Well we got the wedge welded on good and I bought a new spider for the love joy. We spent 2 hours properly aligning the pump to the motor. When we fired it up the seal around the pump shaft leaked some and it took 58 seconds to stroke 30" out! So we determined that we need a bigger pump and also I believe the pump we have now is only single stage cause when we put a fresh cut piece of hickory on there is just went up against and stopped, but it split a piece of seasoned walnut. So I am in the market for a new bigger pump. Other than that everything else worked awesome we still need to fab up a hoist and weld bracing on so what size pump should I buy the cylinder is a 4x30 with a 1.5" rod?


----------



## walkerdogman85 (Feb 2, 2013)

Our pump is a Borg Warner gear pump our valve in a cross our motor turns ccw we are wondering if we are spinning our pump the wrong way the suction line opening on pump is 3/4" and discharge is 1/2". Also how we know if its a single stage pump or two stage? All we know is its a borg Warner the plate with the details is no longer there it was give to me by my neighbor who had it on his old log splitter. After some research we learned how gear pumps are supposed to operate but we are not sure how to tell which way it's supposed to turn thank you


----------



## farmboss45 (Feb 2, 2013)

With the engine you are running, you could go with a 22gpm pump.


----------



## walkerdogman85 (Feb 2, 2013)

I believe that's where we are heading but before we buy a new pump we want to make sure of the direction pumps are supposed to spin also what pumps are good?


----------



## farmboss45 (Feb 2, 2013)

Not sure with your B/W gear drive on the direction of drive. I ordered mine through Burden Surplus center, not sure on the make. Bailey's is another good source. I believe it is a vane pump.


----------



## walkerdogman85 (Feb 2, 2013)

Ok I looked at surplus center but just not sure what to get yet


----------



## farmboss45 (Feb 2, 2013)

Try calling them during business hours, they have a tech named Conrad who was very helpful in helping me pick out what I needed and answering all my questions.
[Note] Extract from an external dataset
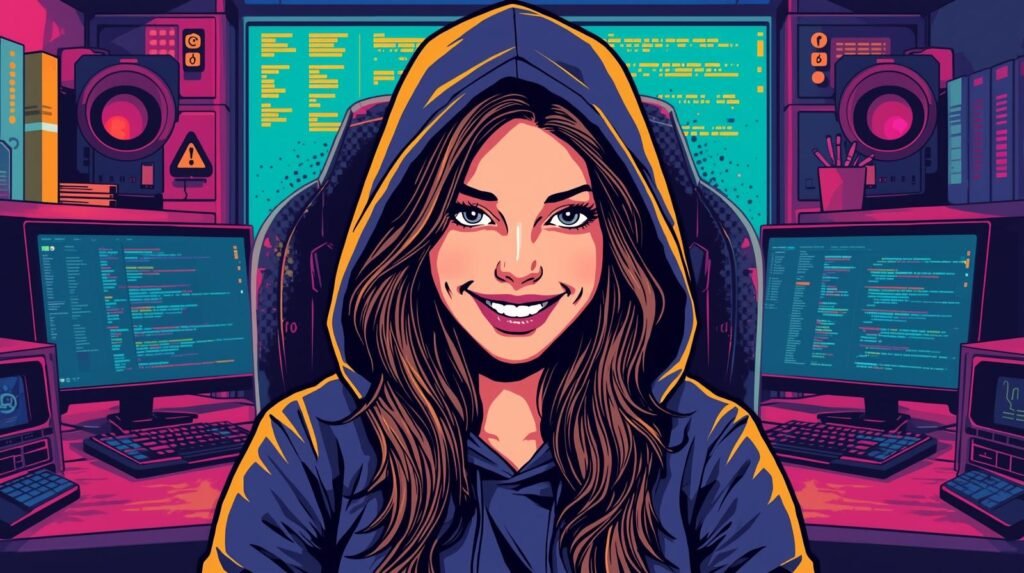 How to Segment a Home Cybersecurity Lab Safely 🧱 4 Mystery woman coder in hoodie surrounded by vibrant screens and technology.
He might give you some answers about your current pump as well.


----------



## George G (Feb 2, 2013)

Go to youtube. Search for gear pump. They have some good animation's on how a pump works. Plus, it's a lot easier than me trying to tell you.:msp_biggrin:


----------



## walkerdogman85 (Feb 2, 2013)

i saw a couple videos on how the gear pumps work its not at all how i thought they worked! we are going to take the pump off and see. Is the any kind of pressure setting on a borg warner pump? i hope to just get this thing going we are so close but so far oh well i have enjoyed this whole process and have learned alot from it and from this site thanks for all the help and ill keep you posted on how it goes.


----------



## triptester (Feb 4, 2013)

The Borg/Warner pump is most likely a single stage pump. Single stage pumps generally do not have any pressure adjustments. Your 22 hp. engine will only handle less than a 8 gpm single stage pump at 3000 psi.
22 hp. will handle a 28 gpm 2-stage pump. When purchasing a 2-stage pump, 2-stage will be clearly stated.


----------



## walkerdogman85 (Feb 4, 2013)

Well the pump is spinning the right way clock wise and our cross valve was at 1700 psi we are in the process of adjusting by shimming the spring we are up to 1900 psi how high should we take it cause it won't split the hickory we have


----------



## jags (Feb 4, 2013)

Without knowing specifics of the components that you are using, it is pretty tough to tell you "how far". Typical purchased splitters can come from the factory set from anywhere from 2250 - 2750 psi. I cannot confirm if your components can handle that so proceed with caution.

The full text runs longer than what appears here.